__Goal of the exercise__: Omit all pictures, then retype exactly the lines from the one that contains "Hof van Waarder 2 Waarder thumbnail 35" through the end of the listing.

__Given material__:
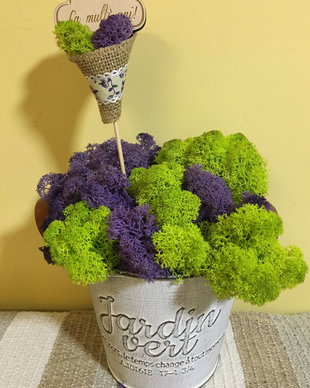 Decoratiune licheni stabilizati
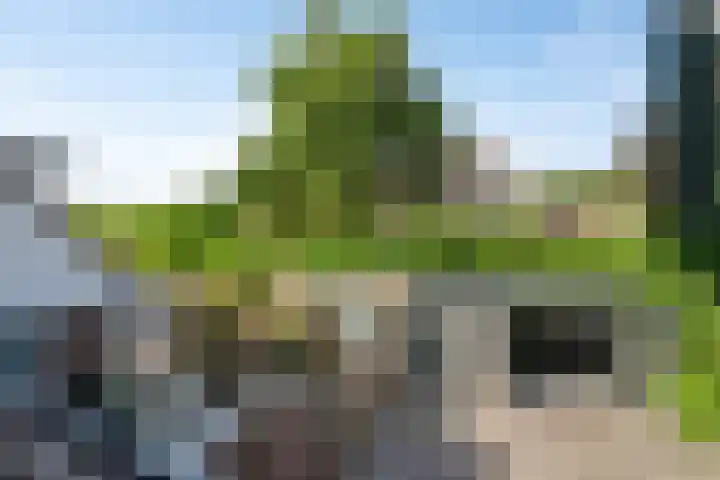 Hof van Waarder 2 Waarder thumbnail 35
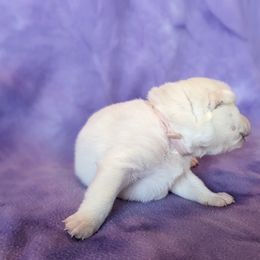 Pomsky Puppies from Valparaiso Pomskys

__Solution for this problem__:
 Hof van Waarder 2 Waarder thumbnail 35
 Pomsky Puppies from Valparaiso Pomskys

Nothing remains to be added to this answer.